De connectie met woorden voelt stuntelig, de vrije stroom heeft mij nog niet gevonden, of ik heb haar nog niet kunnen grijpen. Ze danst voor me, glimlacht en nodigt me uit. Beweeg maar, schrijf maar, laat het vloeien spreekt ze me zachtjes toe, dit zijn jouw woorden, dit is jouw gevoel, dit mag er zijn. Jij mag er zijn, met en in al je gevoelens.
Ik voel me alsof ik niet meer weet hoe de passen in deze beweging zijn, alsof ik lange tijd in een geforceerde pas bewogen heb, en nu ik vrij mag bewegen weet ik niet meer hoe.
Het gestuntel stemt me verdrietig, het besef dat ik zo hevig geraakt en gewond ben stemt me verdrietig. Er zijn alweer zoveel veranderingen in mijn en ons leven, de vrijheid om samen te dansen is weer verdwenen. Terwijl we net heel heel voorzichtig bezig waren die vrije ruimte samen in te kleden. De slaapkamer anders in te richten, met meer ruimte om samen te delen en beleven. Met het besef dat vaak bij mij de connectie ontbreekt, te verdrietig, te moe, te veel stress, teveel onrust, te veel van zoveel dat impact heeft en wegleidt van vrij dansen. Voor jou, voor mij, voor ons.

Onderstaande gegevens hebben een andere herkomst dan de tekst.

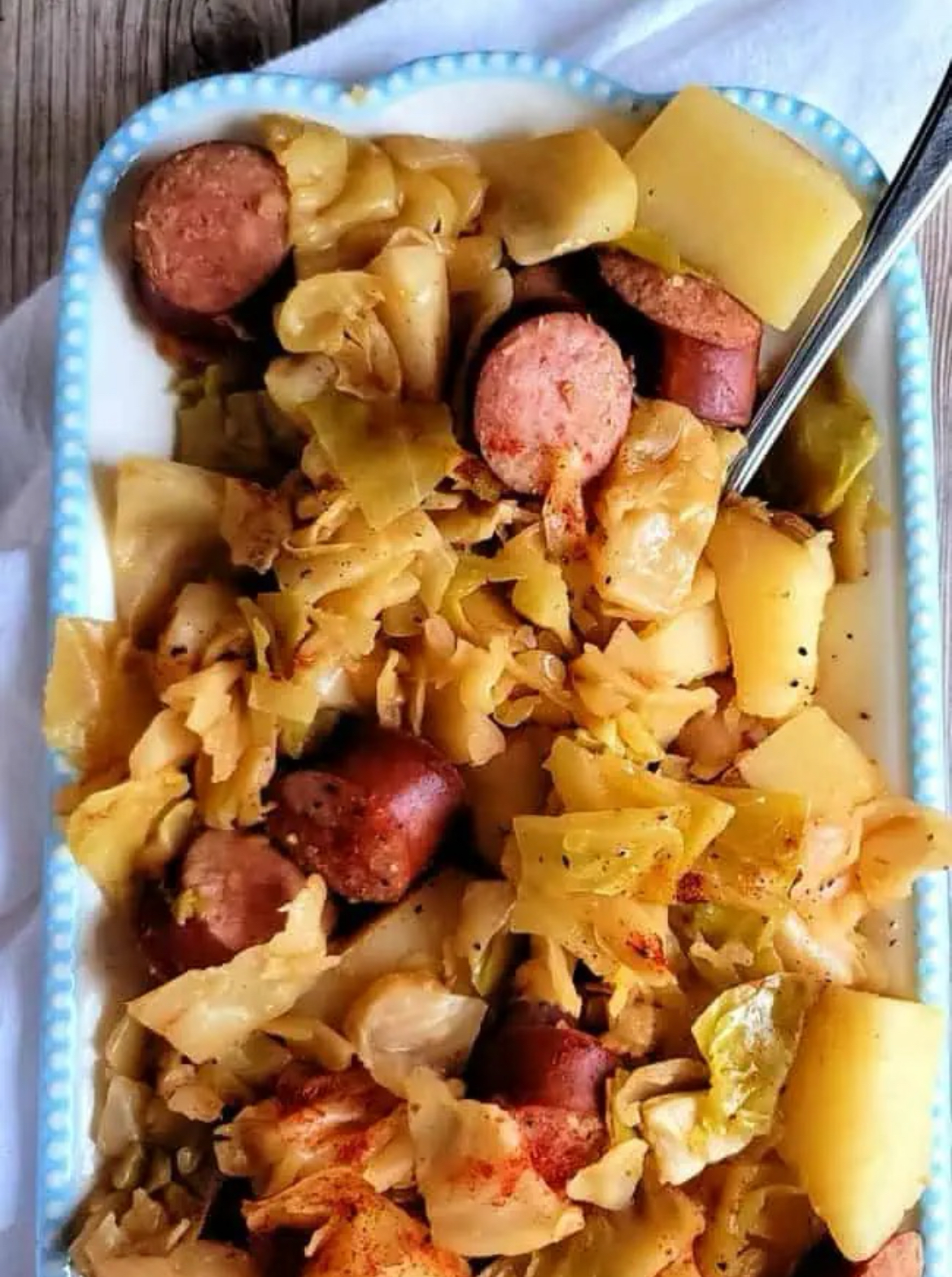 Cooked and ready to serve, crockpot Kielbasa with cabbage and potatoes in a blue and white rectangular serving dish with a spoon.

En ondanks dat alles was er heel af en toe weer een vrij dansen, waarin ik vrij en hoog durfde te gaan, waarin ik diep dook maar mij veilig wist in jouw armen en dominantie.
Nu de privacy in huis weer verdwenen is voel ik mij nog meer gevangen in een kooi die ruimte geeft tot fladderen maar waarvan ik weet dat teveel gefladder mijn vleugels zal beschadigen.
Dus zit ik stil, beweeg soms mijn vleugels, voel de vibratie en ik weet dat het goed is. Ook al voelt het eenzaam nu, moeten we opnieuw zoeken naar spaarzame en kleine momentjes waarin we alleen met woorden en soms een subtiel gebaar uiting kunnen geven aan onze verlangens.
Onze momenten komen wel weer, er is een weten en een diep delen, er is een dynamiek die ons drijft en ons voedt. We kunnen samen dansen, we kunnen ook samen stilstaan. Dus in gedachten leg ik mijn hoofd tegen jouw schouder terwijl ik denk aan de momenten waarin jouw hele lichaam jouw verlangen ademde. En straks wanneer ik in bed kruip kom ik dicht tegen jou aan liggen, je hoefde het niet te vragen vanavond, ik had de vraag al gehoord voor jij deze uitgesproken had.